▶ Work task: Below are several entries. Transcribe exactly those lines that fall from the one with "FREE LANCE. Pair" through the one with "a bedroom with", end lines included.

▶ Provided data:
========
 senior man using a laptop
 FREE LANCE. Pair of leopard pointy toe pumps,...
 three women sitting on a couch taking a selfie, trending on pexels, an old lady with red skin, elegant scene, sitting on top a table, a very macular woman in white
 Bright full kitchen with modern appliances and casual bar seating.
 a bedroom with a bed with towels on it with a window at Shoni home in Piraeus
========
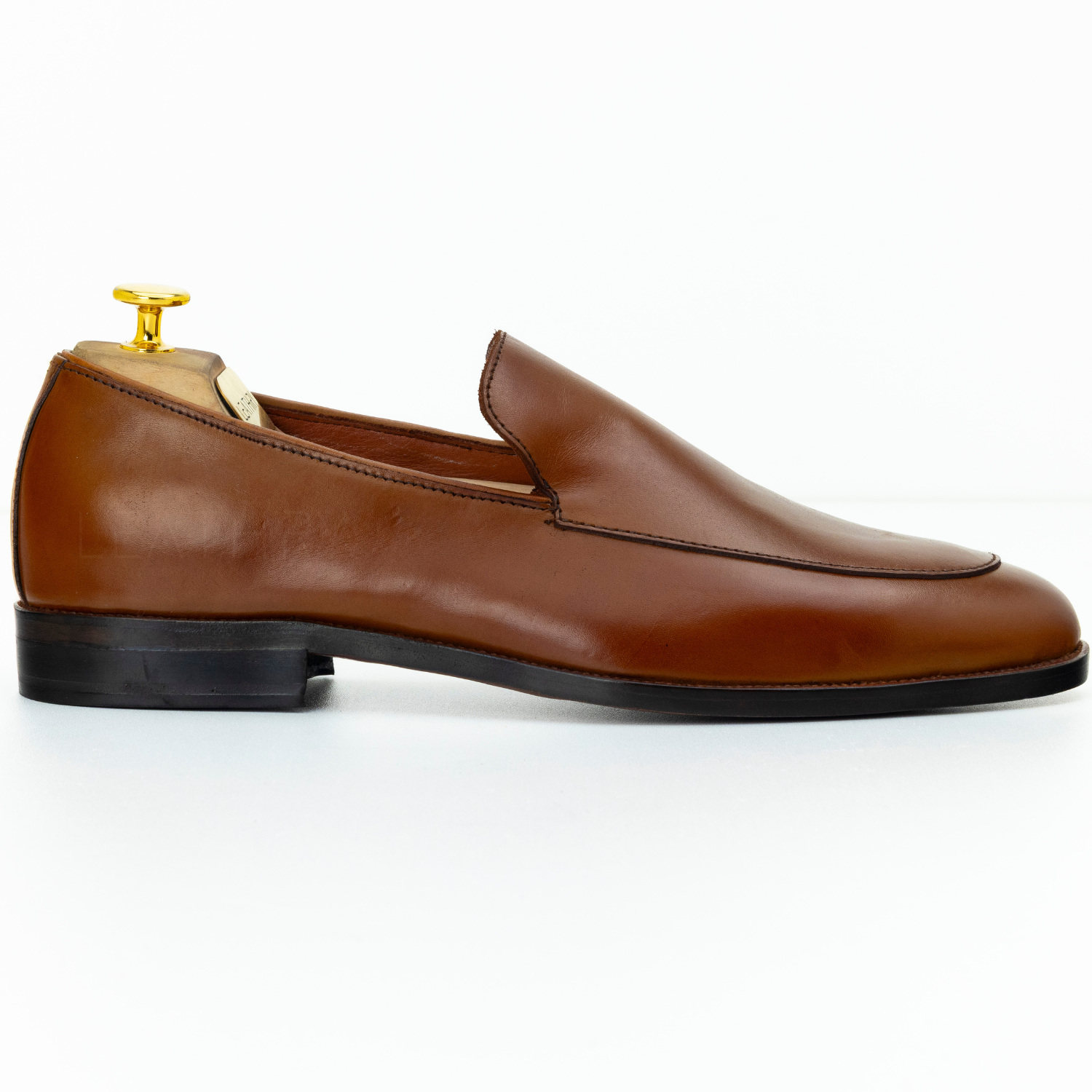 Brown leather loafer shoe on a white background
========
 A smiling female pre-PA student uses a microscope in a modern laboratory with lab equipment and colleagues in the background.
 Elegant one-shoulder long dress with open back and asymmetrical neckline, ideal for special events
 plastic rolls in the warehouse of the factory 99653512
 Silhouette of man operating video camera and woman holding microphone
========
▶ Answer for this exercise:
 FREE LANCE. Pair of leopard pointy toe pumps,...
 three women sitting on a couch taking a selfie, trending on pexels, an old lady with red skin, elegant scene, sitting on top a table, a very macular woman in white
 Bright full kitchen with modern appliances and casual bar seating.
 a bedroom with a bed with towels on it with a window at Shoni home in Piraeus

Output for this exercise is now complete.